■ INSTRUCTIONS FOR THE TASK
Nothing in the data should change when you return it, but leave the pictures out.

■ MATERIAL TO PROCESS
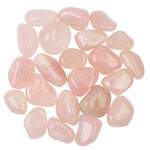 From our selection Rose Quartz Polished Tumblestone Tumble Stone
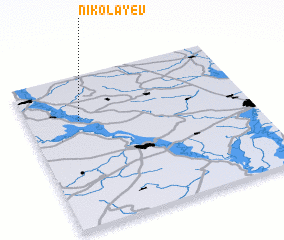 3d view of Nikolayev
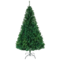 5.5 FT Artificial Christmas Tree Xmas Pine Trees Solid Metal Leg Indoor Outdoor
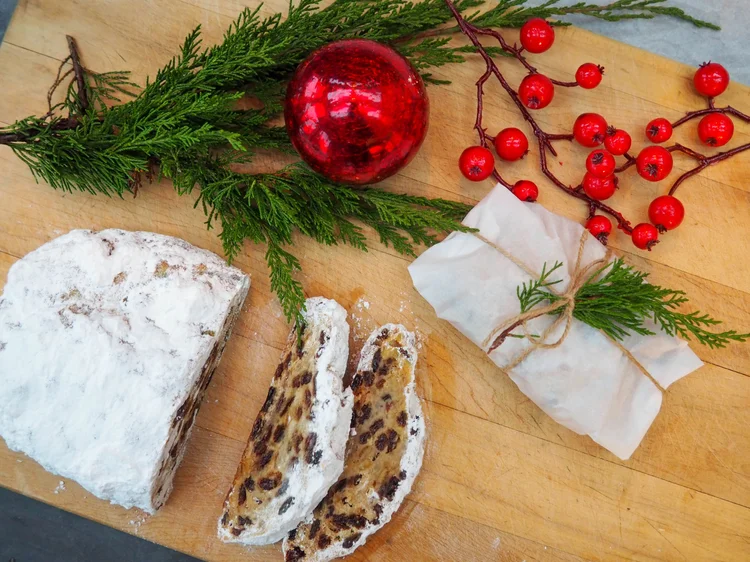 German Stollen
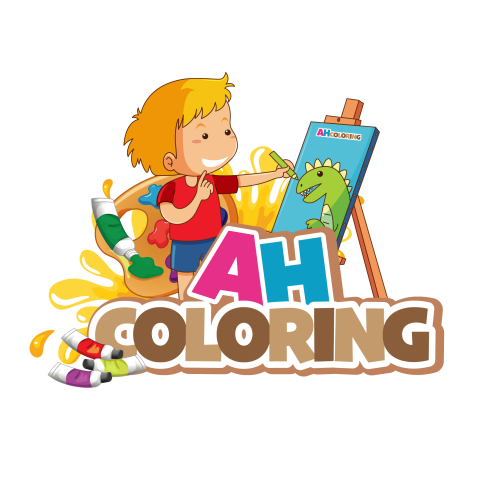 Green Raising Hand Rainbow Friends Roblox Coloring Page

■ SOLUTION
 From our selection Rose Quartz Polished Tumblestone Tumble Stone
 3d view of Nikolayev
 5.5 FT Artificial Christmas Tree Xmas Pine Trees Solid Metal Leg Indoor Outdoor
 German Stollen
 Green Raising Hand Rainbow Friends Roblox Coloring Page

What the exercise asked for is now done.